As fall ends and everyone is leaving to go back home — whatever home means — I feel sad. Fall is beautiful at Stanford, and somehow I am already reminiscing about my fall days on campus even before they become distant memories. For some reason, I don’t want to go back to Istanbul for winter break, at least not yet. Last spring, I was filled with an inexplicable desire to go back, hug my younger brother and be in my mother’s arms like a young child. Now, I don’t feel that way. I have come to adjust and enjoy my life here so much that I don’t want to leave. As Governor’s Corner becomes my home, Istanbul becomes a memory far, far away, like a children’s tale you heard years ago and can’t make out the details of anymore.
When I meet people for the first time here, I hear the inevitable question: “Where is your accent from?” A sudden embarrassment captures me when I hear this question, as I realize that my accent makes me stand out, and I question whether an accent is something that should be disguised.
I am from Istanbul, Turkey. It is a city right between Europe and the Middle East. It’s a beautiful, wonderful city, full of surprises. It’s so different from here.
If I feel a sense of warmth in the person, I will go on to talk more about Istanbul, how old and how special it is. Perhaps I will tell the story of Justinian and Theodora, how a Roman emperor fell in love with a prostitute who would, later on, encourage him to defend Constantinople with a remarkable speech. A clever woman, Theodora was. Perhaps I will take my phone out and show the mosaics of Justinian and Theodora depicted on the walls of Hagia Sophia. I will once again marvel at the mosaics with you, as I do every time, as if I haven’t memorized these mosaics already.
Sometimes people have already met Turkish people here, so they will recognize my accent. They will ask me if I am from Turkey. I will say yes and encounter the smile of a person who just scored in the game of guessing accents. We do have quite a distinct accent. I will ask them who they have met here who is Turkish, and I will reply, Oh, yes, she is so lovely. I will wonder to myself if my accent will ever go away. Do I want it to go away? Should it go away?

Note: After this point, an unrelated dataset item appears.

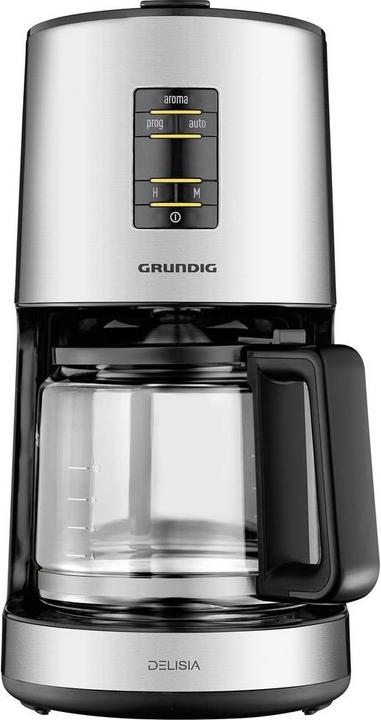 Produktbild Grundig Kaffeemaschine KM 7680 Edelsta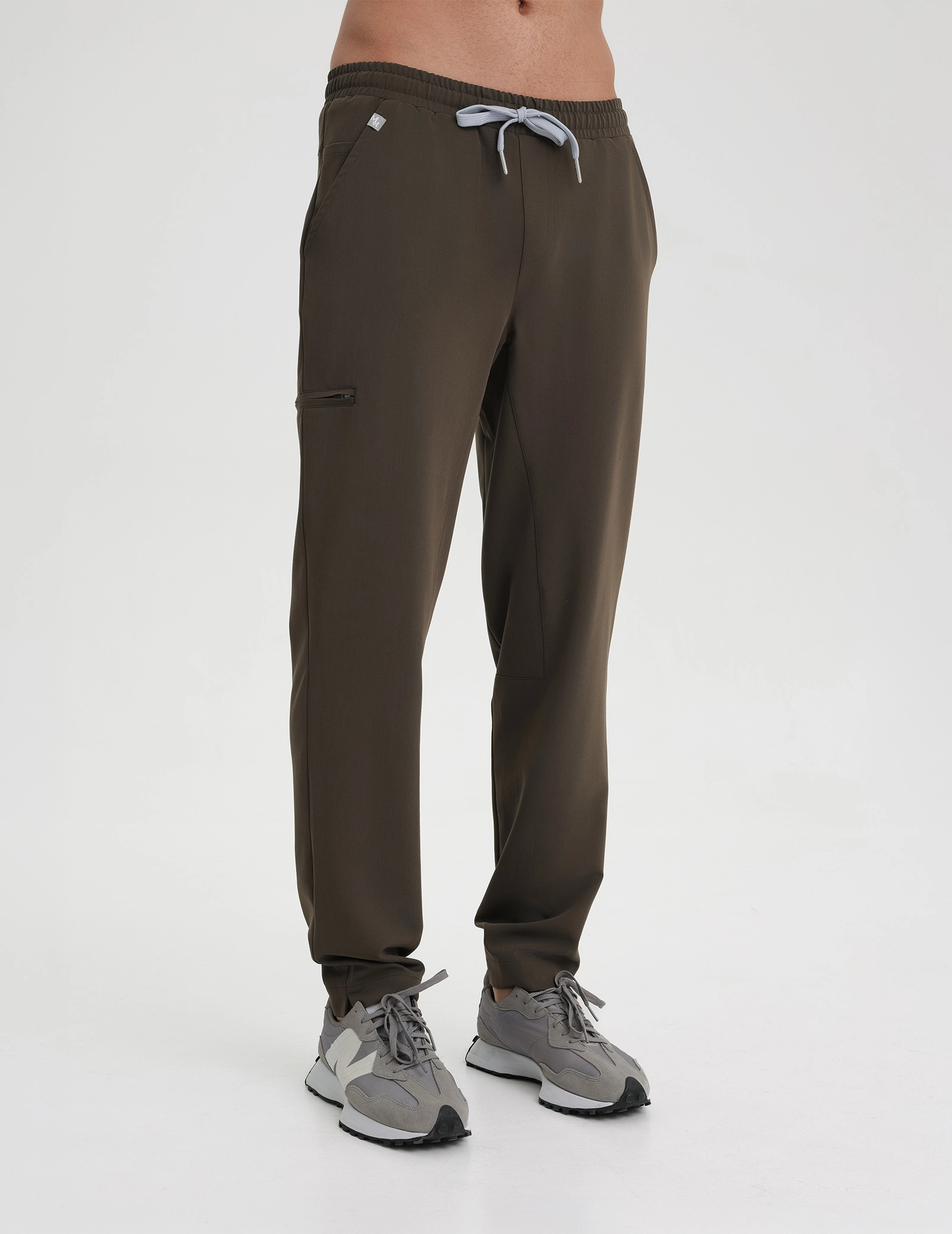 Pantaloni Medici Uomo Basic - OLIVE NIGHT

At the start of the past quarter, I looked at the pictures of my younger brother smiling with his beautiful face and cried because he is growing old, just as I am. That baby face of his will change and become a memory in pictures soon. The heaviness of my decision to leave him and move to the other end of the world is what put me to tears. I would wipe them away and continue with my day as if this crying ritual is a normal act in my daily routine. Now, my brother’s picture is still my screensaver, but I adjusted to seeing this smile and not reacting to it. I don’t think about missing home anymore, because that’s all I can do. Things change, and we have to adapt. That’s how we survive.
On my last morning at Stanford, before I left for my flight, I was awake quite early and went outside to wander around the fields of GovCo with a pair of flip-flops. As the ice-cold air of the Bay Area mornings gave me an embrace, I walked around without a destination in mind. The sky was as light as the color of a glacier, and tall, strong trees surrounded me. Wandering around, I realized how much this place became my home; each corner of this field has a memory of mine attached to it.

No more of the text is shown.